Two more Tulsa schools now qualify for federal grants, because so man of the students in the schools are living in poverty.
The change has been gradual, but a trend toward higher levels of poverty, among students at Tulsa Public Schools, means Eliot and Carnegie soon will be Title 1 schools for the first time.
Letter Sent To Carnegie Parents
In a kindergarten class at Remington Elementary, teacher Linne Waters pulls out small groups of students for extra help in math.
Normally, she would teach a larger class, but because of Title 1, there's time and money for tutoring that helps students catch up.
Title 1 money paid for a puzzle set that helps children learn numbers.
It helps schools buy extra books and sometimes hire a helper for the classroom.
Schools are required to use the money to help children who need it the most, with instruction suited just for them.
"So you teach them where they're at," Waters said.
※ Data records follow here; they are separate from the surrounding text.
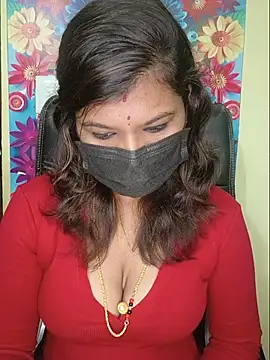 Snapshot of Premalatha_28 chatting on 20, 6, 2026 Premalatha 28 online show from 20, 6, 2026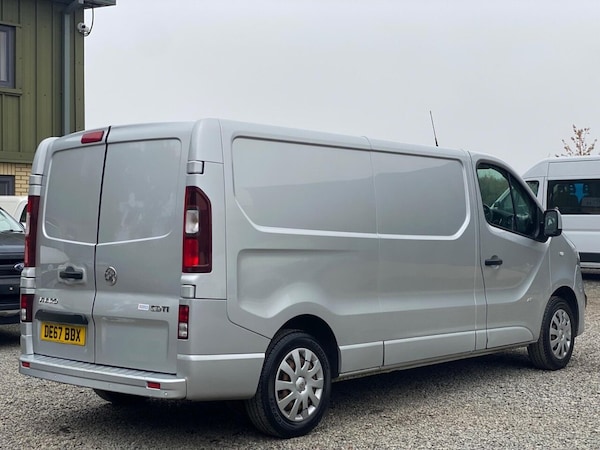 Used Vauxhall Vivaro 2017 for sale - 76250087: Photo 5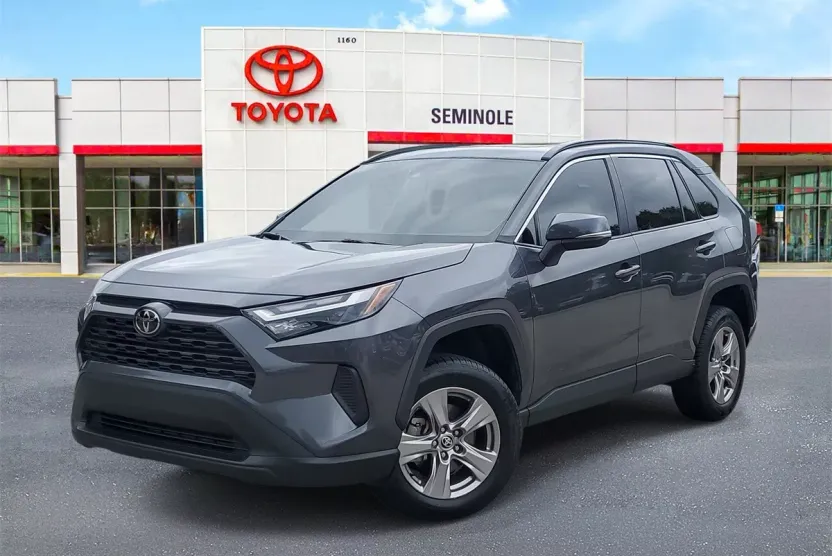 2022 Toyota RAV4 XLE photo 1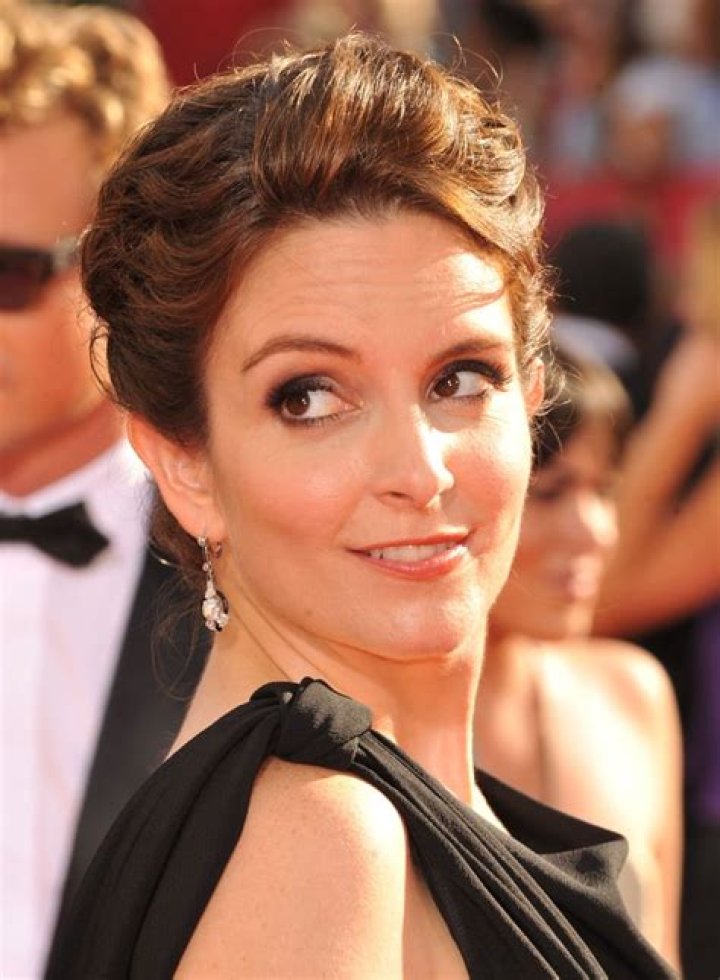 Tina Fey Best Emmys Beauty Looks From 10 Years Ago POPSUGAR Beauty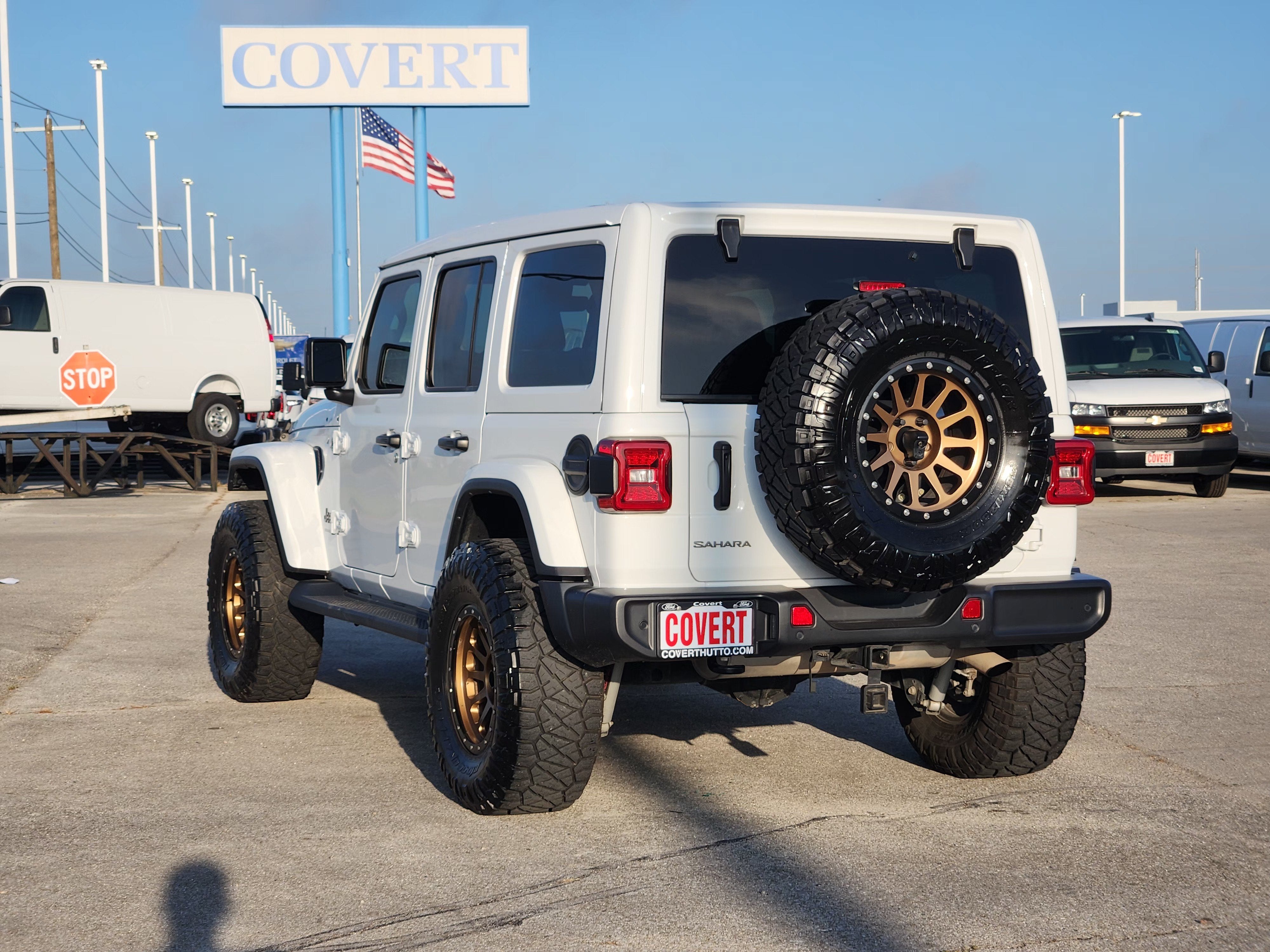 2025 Jeep Wrangler 4-Door Sahara 4x4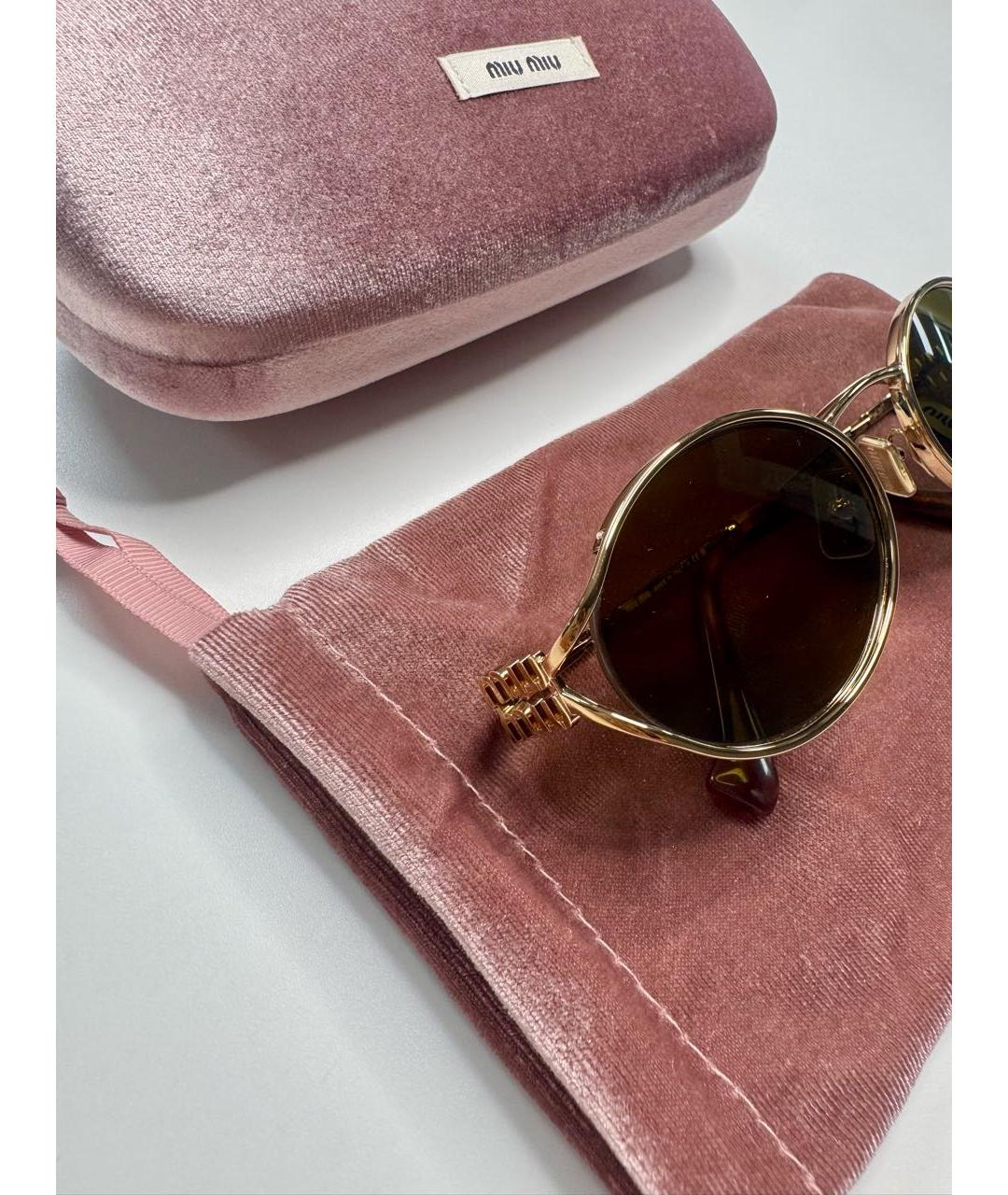 MIU MIU Золотые солнцезащитные очки, фото 3
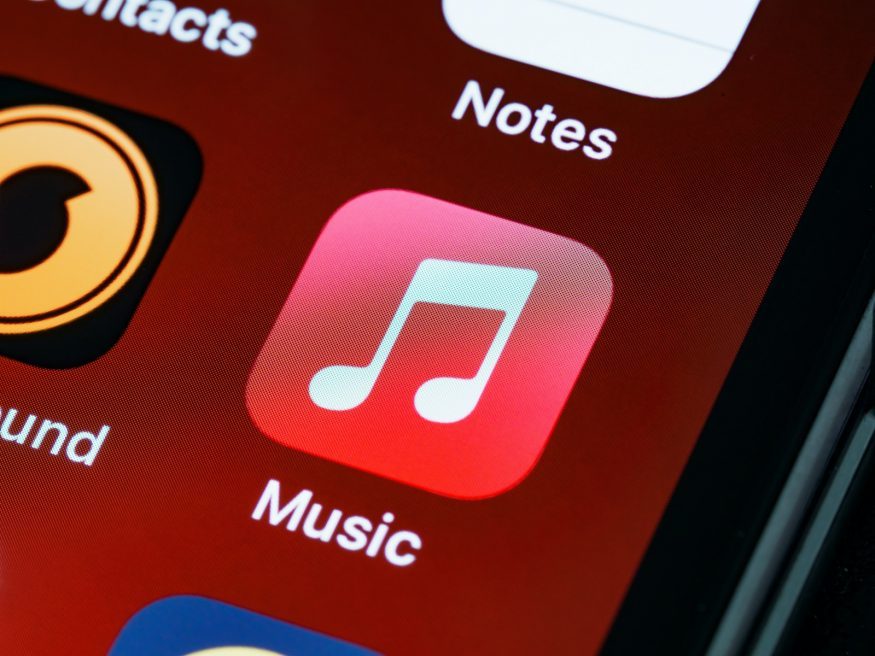 My aspoň nezdražujeme! Apple trefně vtipkuje na adresu konkurenčního Spotify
The extra help through Title 1 is common throughout Tulsa, where almost every school qualifies based on poverty levels.
Two elementary schools didn't qualify until now - but Eliot Elementary and Carnegie Elementary will soon be part of Title 1.
The reason -- poverty is on the increase -- and not just at those two schools.
"More and more students and families are qualifying for free and reduced lunch across our city,” Kayla Robinson said.
The threshold is 35 percent of students on free or reduced lunch.
The shift at Eliot and Carnegie means extra money is coming to those schools, this fall.
"To be really specific, this is money to provide instruction on top of what we're already doing to help students who might not be on grade level when they need to be,” Robinson said.
It's uncertain how much the two new Title 1 schools will get, but it won't be as much as schools with higher levels of poverty.
At Remington, the Title 1 grant is about $70,000 a year, and at Eliot it won't be nearly as much.
The only TPS school left that doesn't qualify now is Eisenhower, the language immersion magnet school.